Le Festival de Cannes ce n’est pas uniquement des files d’attentes immenses pour voir un film, mendier une invitation pour le tapis rouge ou se faire recaler des séances les plus demandées. C’est aussi des évènements incroyables (et uniques) par ci par là, qui permettent au public de rencontrer des professionnels ou de découvrir un film et un univers particulier. Cette fois ci, après trois longues heures d’attente, j’ai eu la chance de participer à la masterclass organisée (par et) avec Robert Rodriguez, grand ami de Tarantino mais surtout réalisateur de El Mariachi (1993), Sin City (2003) ou plus récemment Alita : battle angel (2019). Un réalisateur qui ne fait pas partie de ceux qui me font vibrer mais plutôt de ceux qui m’interpellent notamment par leur travail technique et leur implication dans les œuvres. Personnage haut en couleurs, avec une forte personnalité, il a débarqué sur la scène de la Quinzaine des Réalisateurs avec son chapeau de cowboy et ses notes pour nous parler de son nouveau film RED 11 et de son histoire. Retour sur cette rencontre riche et passionnante.

Avant toute chose, re-contextualisons le travail de Rodriguez sur El Mariachi qui est le point de départ de sa carrière mais aussi de ce nouveau film : RED 11. Il faut savoir que pour son premier film, Robert Rodriguez n’avait pas un sous en poche. Il a donc pris le pari fou, de réaliser ce premier long métrage dans des conditions précaires : une équipe réduite, un réalisateur multi taches (scénariste, réalisateur, chef opérateur, monteur, producteur etc) et surtout, un budget minuscule de 7000 dollars.

Affiche du film El Mariachi de Robert Rodriguez (1993)

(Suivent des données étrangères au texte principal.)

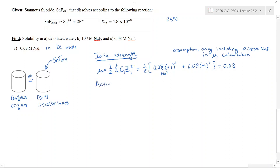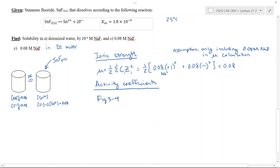The next step is to get the activity coefficients. These are obtained from Figure 3-4 in the textbook Water Chemistry by Sawyer and Jenkins, using the Gundelberg approximation lines. For species with a plus or minus one charge, gamma is 0.78, and for species with a plus or minus two charge, gamma is 0.36.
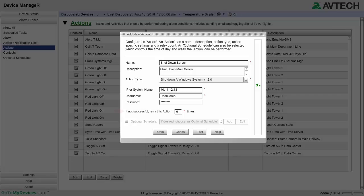In If Not Successful Retry This Action, you may leave the default 0 or enter a higher number. In our example, we've left the default.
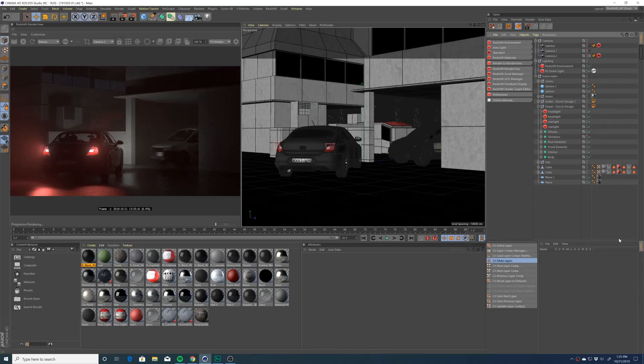Today we're going to go over how to add volumetrics to your scene in Redshift for Cinema 4D. I have a simple scene that I put together over the weekend that I think is a good example of volumetrics. It's nighttime, you have a car with the lights on, and you can see a very light fog and haze in the IPR window. It just adds a little bit more character to your render, makes it more aesthetically pleasing and realistic depending on the scenario you're trying to render.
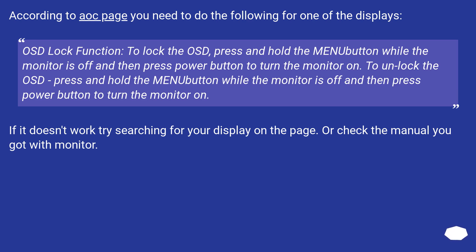To unlock the OSD, press and hold the menu button while the monitor is off and then press power button to turn the monitor on. If it doesn't work try searching for your display on the page, or check the manual you got with monitor.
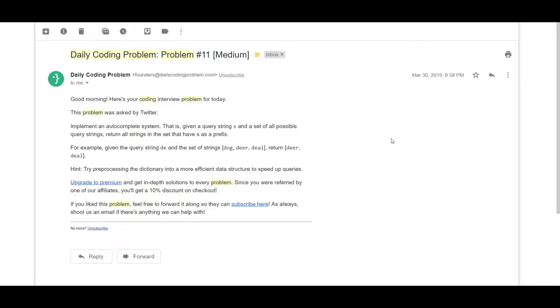Greetings everyone, this is learnexpert back again with another video. Today we will be solving problem number 11 in daily coding problem and the difficulty it's been rated at is medium.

Un pari qui lui a permis d’acquérir des connaissances sur tous les métiers nécessaires à la création d’un film et surtout, qui lui a apporté la consécration puisque El Mariachi a remporté plus de 2 millions de dollars au box office et le prix du public au festival SUNDANCE ainsi qu’à DEAUVILLE en 1994. Un succès qui lui permettra de lancer sa carrière et également, de proposer une trilogie avec Desperados en 1995 et Il était une fois au Mexique en 2003 (Once Upon a time … in Mexico, titre qui n’est pas sans rappeler celui du nouveau film de son ami Quentin Tarantino, en compétition officielle à Cannes).

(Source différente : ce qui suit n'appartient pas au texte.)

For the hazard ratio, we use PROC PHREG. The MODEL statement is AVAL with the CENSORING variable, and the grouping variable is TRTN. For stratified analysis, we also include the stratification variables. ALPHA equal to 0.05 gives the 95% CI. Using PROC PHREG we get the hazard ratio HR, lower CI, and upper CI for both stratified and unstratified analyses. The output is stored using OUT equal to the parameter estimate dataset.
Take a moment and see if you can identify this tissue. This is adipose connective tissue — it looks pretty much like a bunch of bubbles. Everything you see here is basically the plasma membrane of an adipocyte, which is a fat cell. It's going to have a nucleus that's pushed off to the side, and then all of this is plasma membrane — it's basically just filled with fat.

Ainsi, Robert Rodriguez a souhaité réitérer l’expérience, 25 ans plus tard. Avec RED 11, un film d’horreur sur fond d’autobiographie, le réalisateur montre une nouvelle fois qu’avec peu de moyens on peut parvenir a un résultat assez incroyable et aller au bout de ses idées. 14 jours, une équipe technique composée principalement d’amis et de ses fils ainsi qu’un budget de 7000 dollars.

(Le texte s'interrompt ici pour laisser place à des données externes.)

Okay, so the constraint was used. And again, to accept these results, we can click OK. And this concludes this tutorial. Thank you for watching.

Durant cette masterclass, il a beaucoup insisté sur le fait que : « ce qui tient un film c’est la créativité ». Pour lui il était essentiel de mettre en avant ce point là : ce n’est pas une question de moyens financiers, de contacts, de réseaux ni même de temps. Il s’agit de prendre sa créativité, de lui donner tout ce qu’on a et de faire vivre nos idées (il a d’ailleurs plaisanté en précisant qu’il ne faut jamais risquer d’avoir pour épitaphe : « j’ai pas le temps »). Il a donc commencé par nous présenter en avant-première quelques minutes du making-of du film (qui sortira sous forme de documentaire) qu’il considère comme étant un « mode d’emploi pour les jeunes cinéastes sur le mode de fabrication d’un film avec un budget aussi serré ».

« J’ai tellement appris de cette première expérience » confie Rodriguez à propos d’El Mariachi. « C’est la raison pour laquelle je suis toujours dans le milieu en tant que réalisateur. Tu apprends tellement en étant ta propre équipe. Cela a été vraiment intéressant de retenter cette aventure d’autant plus que j’ai pu la documenter ».
Source : FilmsActu

Dans les deux extraits (une dizaine de minutes chacun) il met en avant des astuces pour écrire un scénario efficace, notamment avec un système de fiches (comme des fiches de révisions pour les étudiants). Il vous suffit d’écrire les idées principales : une idée/une scène/une fiche. Ensuite vous les posez par terre, et vous visualisez votre film. Si le rythme commence à ralentir, il faut absolument un élément fort à la fiche 12 ! On le voit donc étaler les scènes de RED 11 sur le sol et réécrire ses fiches au fur et à mesure. Une séquence assez intéressante suivie de celle du casting. Rodriguez a insisté sur le fait qu’en général, et surtout lors d’un film au budget serré, il est important d’avoir le visage de ses personnages en tête très vite. Le casting lui permet donc de mettre un visage sur chaque personnage et de réécrire au besoin certaines scènes en y mettant les traits de personnalité des acteurs choisis. Un premier échange passionnant donc suivi d’un deuxième extrait qui se concentrait principalement sur le montage et les petites astuces techniques : effets spéciaux, lumières, angles de caméras etc.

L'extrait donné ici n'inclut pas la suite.